The Smell of Molten Projects in the Morning

Ed Nisley's Blog: Shop notes, electronics, firmware, machinery, 3D printing, laser cuttery, and curiosities. Contents: 100% human thinking, 0% AI slop.

Day: July 12, 2012

  • LED Forward Voltages

    Thinking about those batteries in the context of a really big LED tail light for a bike leads to wondering about the variation in LED forward voltages; it’s possible to drive LEDs in parallel if they’re well-matched for forward voltage. A quick-and-dirty test is in order to get some first-pass numbers… and I have bags of nominally identical red and amber LEDs.

    Applying a fixed voltage that produces 20 mA through 14 randomly chosen LEDs of each color, then measuring the voltage across each diode:

    LED Red V Amber V
    1 1.895 1.939
    2 1.893 1.921
    3 1.903 1.918
    4 1.895 1.921
    5 1.891 1.918
    6 1.935 1.906
    7 1.891 1.926
    8 1.904 1.930
    9 1.901 1.923
    10 1.894 1.927
    11 1.901 1.914
    12 1.894 1.939
    13 1.901 1.933
    14 1.903 1.925
    Minimum 1.891 1.906
    Average 1.900 1.924
    Maximum 1.935 1.939

    Pushing 20 mA through the five lowest voltage red LEDs requires 9.54 V. Applying that voltage to the five highest red LEDs produces 18.2 mA.
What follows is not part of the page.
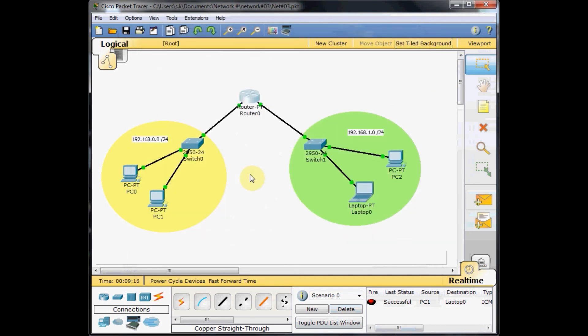This is the basic configuration of the router. Thank you for watching. Please leave your comments and subscribe to our YouTube channel, as well as like our Facebook page. Thanks again and see you soon.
    Putting those two strings-of-five in parallel with 9.52 V produces 40 mA total: 16.6 mA in the low string and 19.9 mA in the high string, all measured with a fancy Tek Hall effect probe. No, those aren’t reversed and, yes, I did check twice: it makes no sense at all.

    Temperature matters a lot in such measurements and I wasn’t controlling for that, plus I didn’t have a constant-current supply. Better numbers await better instrumentation, but I think binning a couple bags of 100 LEDs based on forward current should be straightforward.